Saat kami sedang berjalan kaki, kami bertemu dengan dua petani yang sedang bekerja di lahan garapan mereka. Pujianto dan Kusmawadi, nama kedua petani tersebut, merupakan warga Dusun Mulyorejo. Mereka berdua memiliki mata pencaharian sebagai petani, sudah pernah mencoba menanam beberapa jenis tanaman di lahan gambut, dan pernah merasakan keberhasilan dalam berkebun di lahan gambut. Kebun cabai dan kebun tomat yang dikelola oleh Pujianto dan Kusmawadi pernah memberikan hasil yang cukup tinggi. Sebagai contoh, dari lahan yang mereka tanami tanaman tomat, pernah menghasilkan tomat sampai dengan 700 kg dari luas lahan 25 x 20 meter persegi. Hasil tomat tersebut kemudian mereka jual dengan harga Rp. 7.000 per kg. Begitu pula mereka pernah berhasil menanam cabai. Dari lahan seluas 80 x 20 meter persegi, mereka bisa mendapatkan cabai sebanyak 1 ton. Saat mereka mendapatkan hasil 1 ton tersebut, harga jual cabai ada di angka Rp. 70.000 per kg. Keberhasilan tersebut mereka peroleh di akhir tahun 2021 lalu.
Sayangnya, hanya dalam waktu kurang lebih enam bulan, kondisi berubah drastis. “Kalau tanaman yang sekarang, tidak bagus”, kata Pujianto saat menceritakan tanaman cabai yang sedang dia tanam saat ini. Dia kemudian menjelaskan bahwa kebutuhan air untuk penanaman cabai di lahannya sangat tidak mencukupi. “Barusan ditanam, langsung dua minggu tidak ada air”, tambahnya. Pujianto pun menjelaskan bahwa dengan tidak tercukupinya air, maka mustahil tanaman cabainya akan berhasil baik. Dari pantauan kami, kondisi lahan gambut di wilayah tersebut memang terlihat kering. Padahal, berdasarkan informasi dari Pujianto, tanaman cabai ataupun tomat memerlukan air selama 36-42 hari dari total 2 bulan masa budi daya, dari mulai tanam sampai panen.

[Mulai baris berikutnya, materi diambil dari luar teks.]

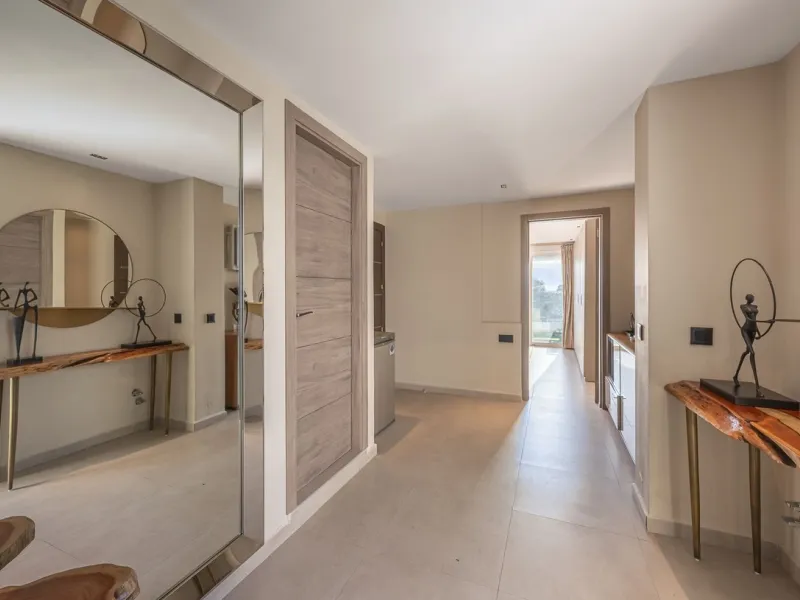 Welcome to Marbella.Imagine waking up every morning with the gentle Mediterranean breeze caressing your face and the promise of a new day in one of the most exclusive enclaves in the world.This luxurious duplex, located in the vibrant heart of Puerto Banú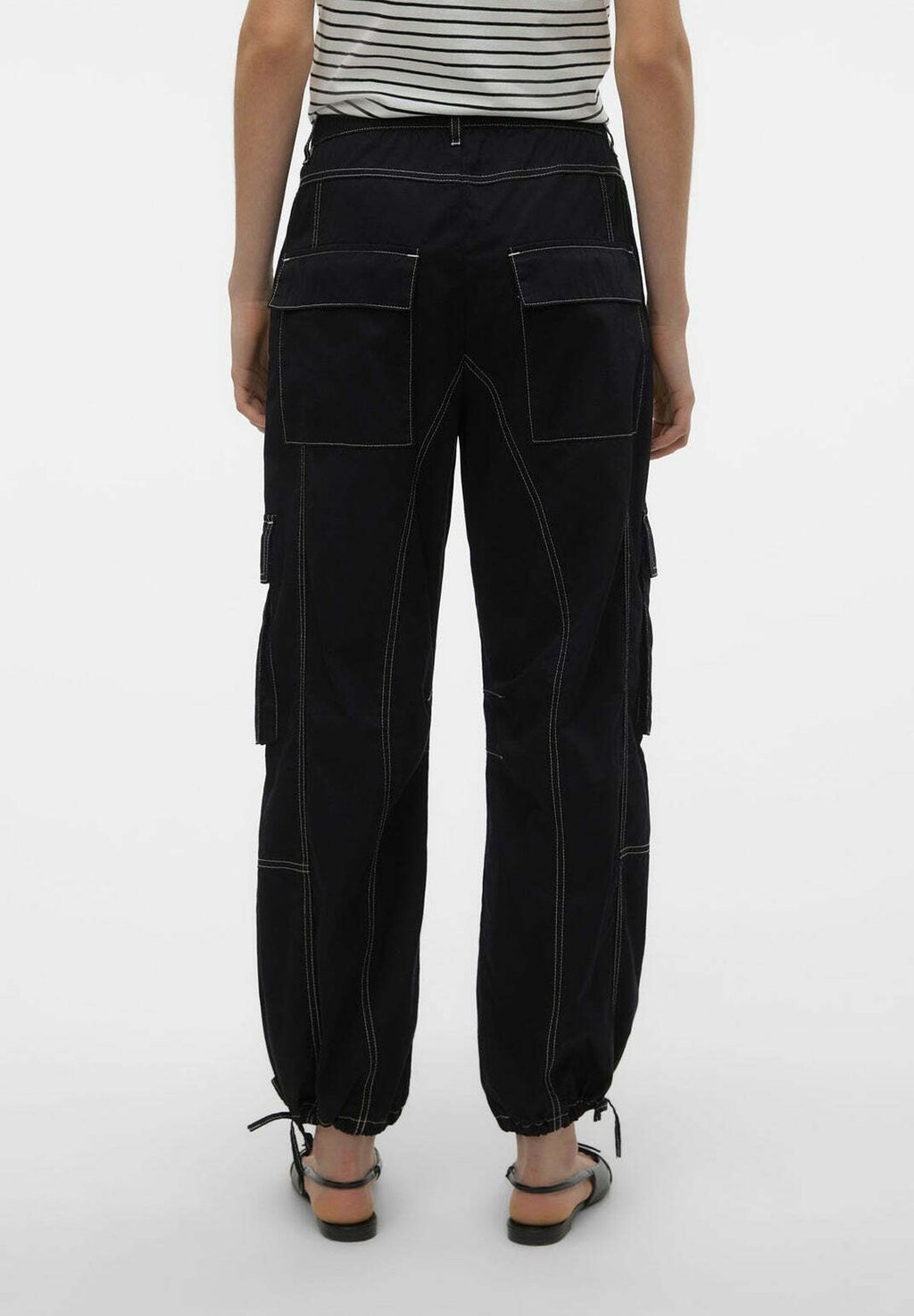 

Брюки карго Vero Moda, черный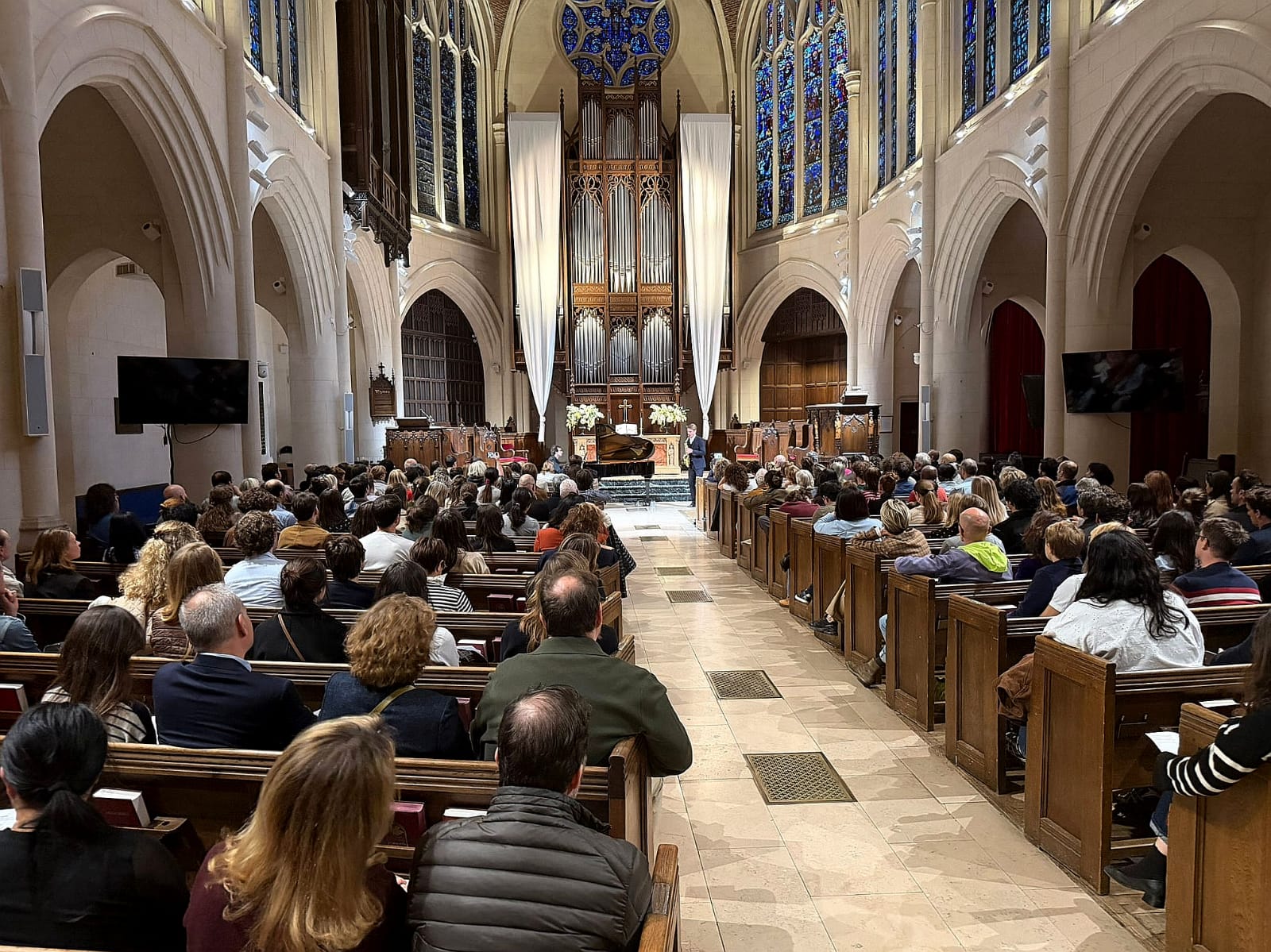 Azerbaijani pianist’s Paris concert attracts enthusiastic audience (PHOTO)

Ketersediaan air sangat penting untuk tanaman. Namun demikian, mengupayakan kecukupan air untuk tanaman di lahan gambut juga memiliki tantangan, karena ketersediaan air sangat dipengaruhi oleh musim. Saat musim kemarau panjang, maka petani akan kesulitan mendapatkan kecukupan air. Sedangkan di lahan gambut yang dimanfaatkan oleh Pujianto dan Kusmawadi misalnya, tidak terdapat sumber air di sekitarnya, sehingga keberhasilan tanaman bergantung pada air hujan. Terlebih lagi lahan gambut yang mereka garap sudah berulang kali terbakar sebelumnya, sehingga kemampuan tanah gambut dalam menyimpan air telah berkurang atau bahkan hilang. Namun demikian, Pujianto dan Kusmawadi beserta petani lainnya, masih berupaya mengantisipasi masalah kurangnya ketersediaan air di lahan mereka tersebut, yakni dengan membuat kolam kecil di dekat lahan garapan mereka sebagai sumber air untuk membasahi tanaman pada musim kering. Pembasahan dari sumber air tersebut dilakukan dengan cara manual, atau kadang dengan menggunakan pompa air. Namun tentu saja pengairan dengan bantuan pompa air memerlukan biaya. Dengan kondisi tersebut, Pujianto maupun Kusmawadi hanya bisa mencoba peruntungan mereka dalam bercocok tanam di lahan gambut. Yang pada akhirnya, dalam menghadapi musim yang tidak dapat diprediksi, mereka akan dihadapkan pada dua pilihan, yakni ‘tidak bercocok tanam karena tidak mau menanggung resiko kerugian apabila terjadi kekurangan air’ atau ‘tetap bercocok tanam, dan siap menerima seperti apapun hasilnya nanti’.